### DATA SECTION ###

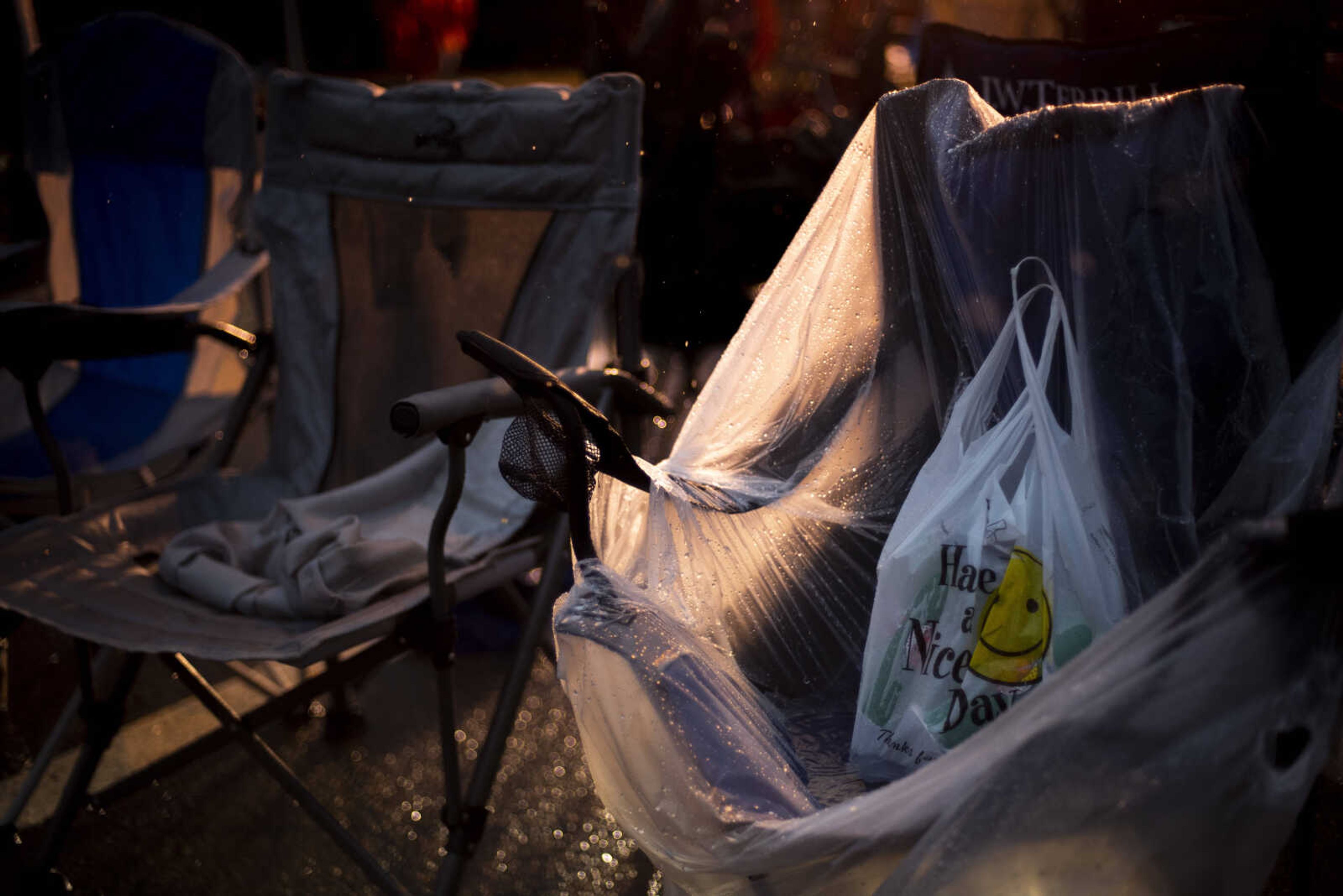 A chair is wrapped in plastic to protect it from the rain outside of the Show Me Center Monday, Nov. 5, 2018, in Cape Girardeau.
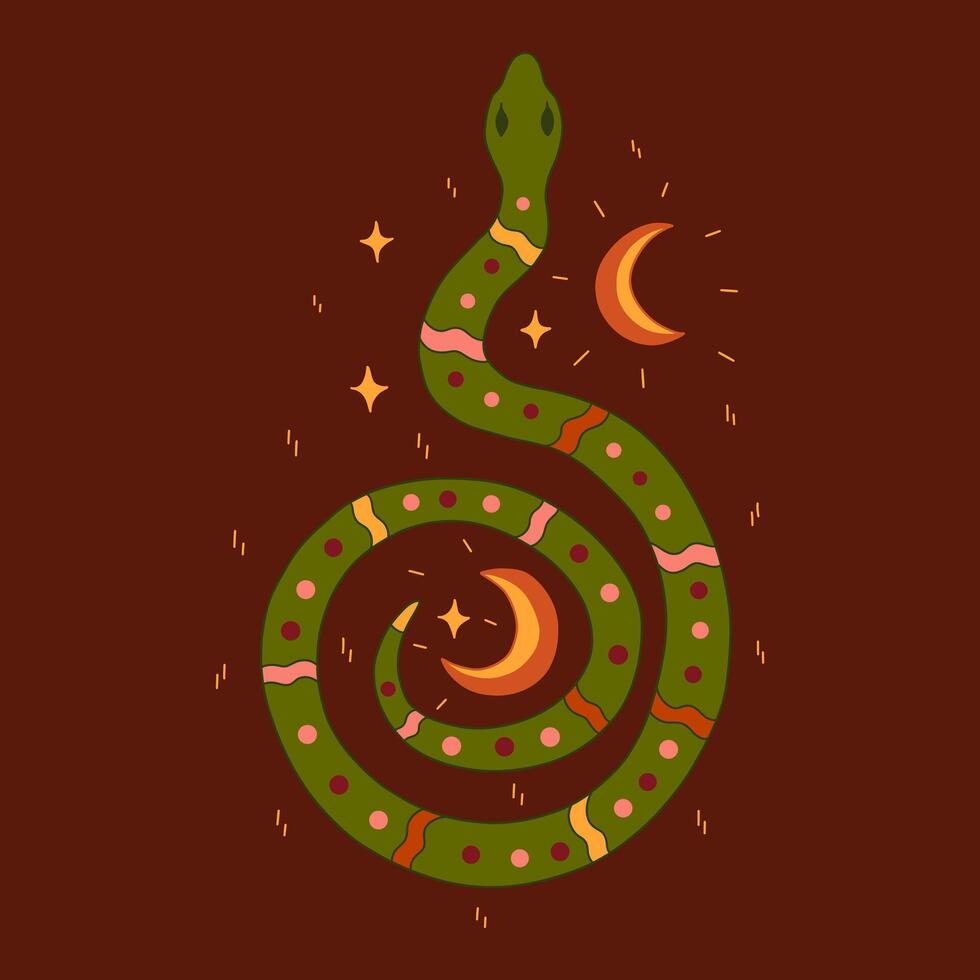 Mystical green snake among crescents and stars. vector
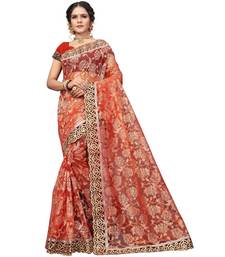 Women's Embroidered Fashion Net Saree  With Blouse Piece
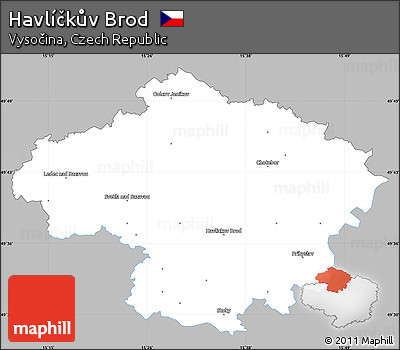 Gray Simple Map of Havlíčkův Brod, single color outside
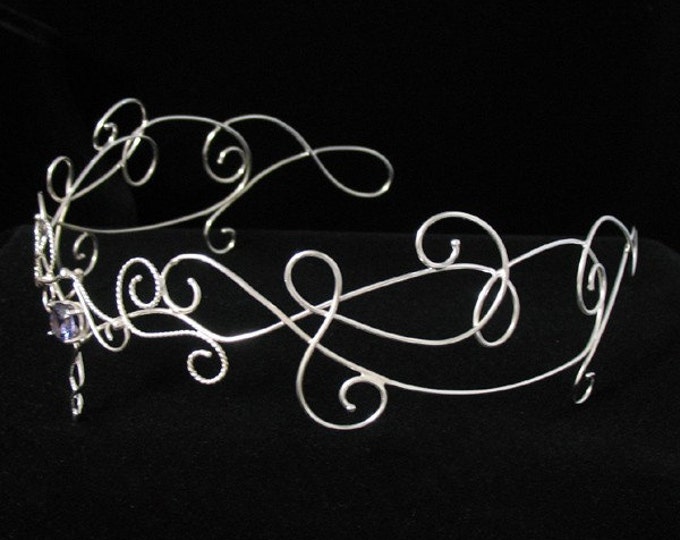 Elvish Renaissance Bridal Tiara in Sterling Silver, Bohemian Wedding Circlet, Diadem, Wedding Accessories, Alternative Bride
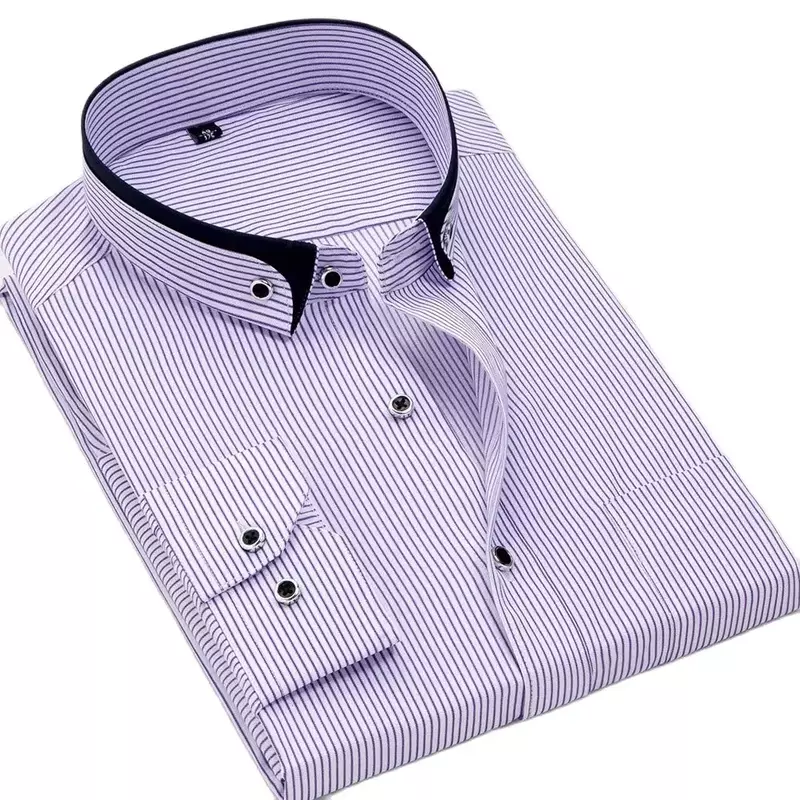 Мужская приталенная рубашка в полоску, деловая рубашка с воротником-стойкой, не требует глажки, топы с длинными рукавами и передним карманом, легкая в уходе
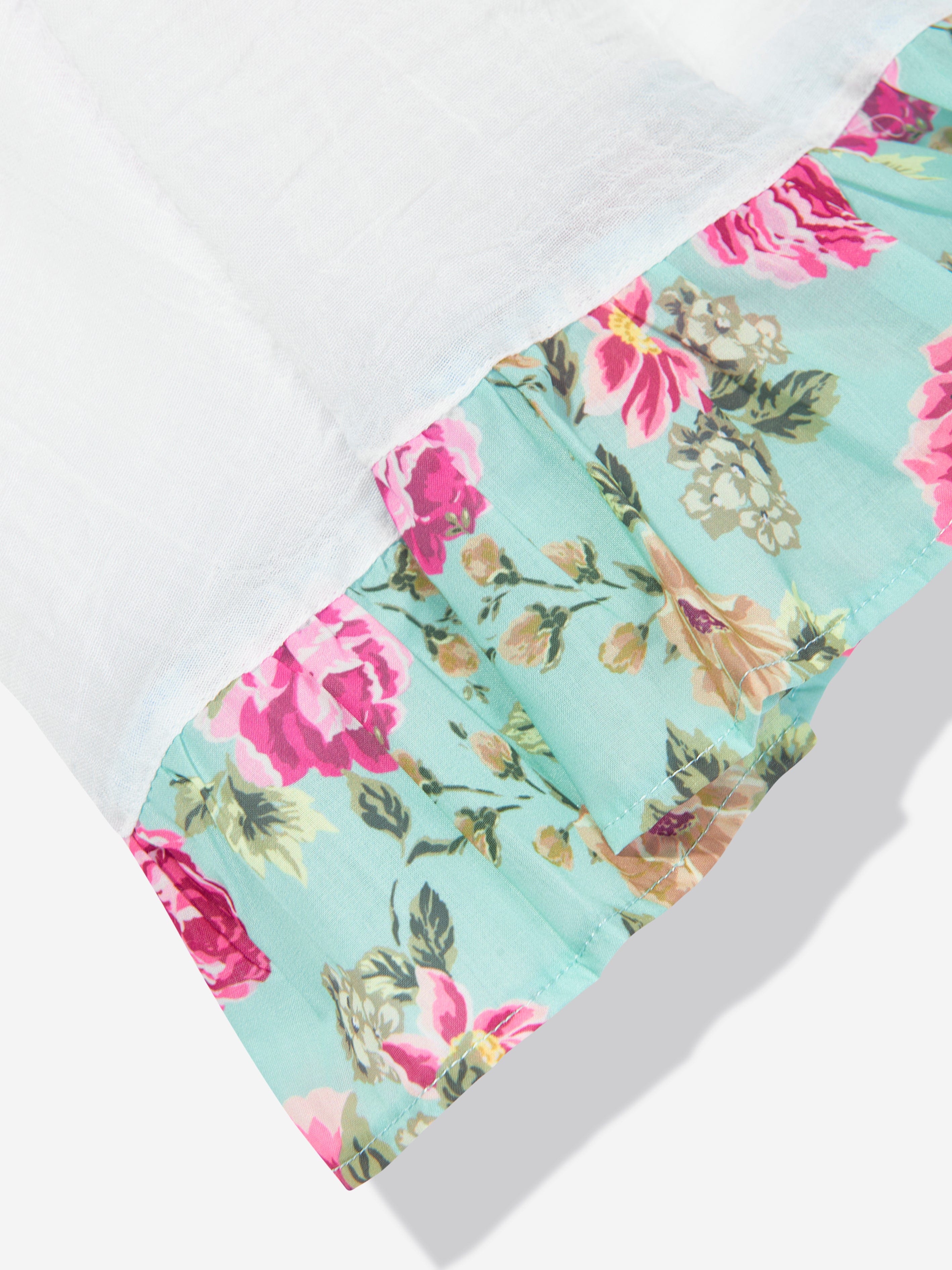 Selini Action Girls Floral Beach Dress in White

###

Repeat the records above exactly, without pictures.

 A chair is wrapped in plastic to protect it from the rain outside of the Show Me Center Monday, Nov. 5, 2018, in Cape Girardeau.
 Mystical green snake among crescents and stars. vector
 Women's Embroidered Fashion Net Saree  With Blouse Piece
 Gray Simple Map of Havlíčkův Brod, single color outside
 Elvish Renaissance Bridal Tiara in Sterling Silver, Bohemian Wedding Circlet, Diadem, Wedding Accessories, Alternative Bride
 Мужская приталенная рубашка в полоску, деловая рубашка с воротником-стойкой, не требует глажки, топы с длинными рукавами и передним карманом, легкая в уходе
 Selini Action Girls Floral Beach Dress in White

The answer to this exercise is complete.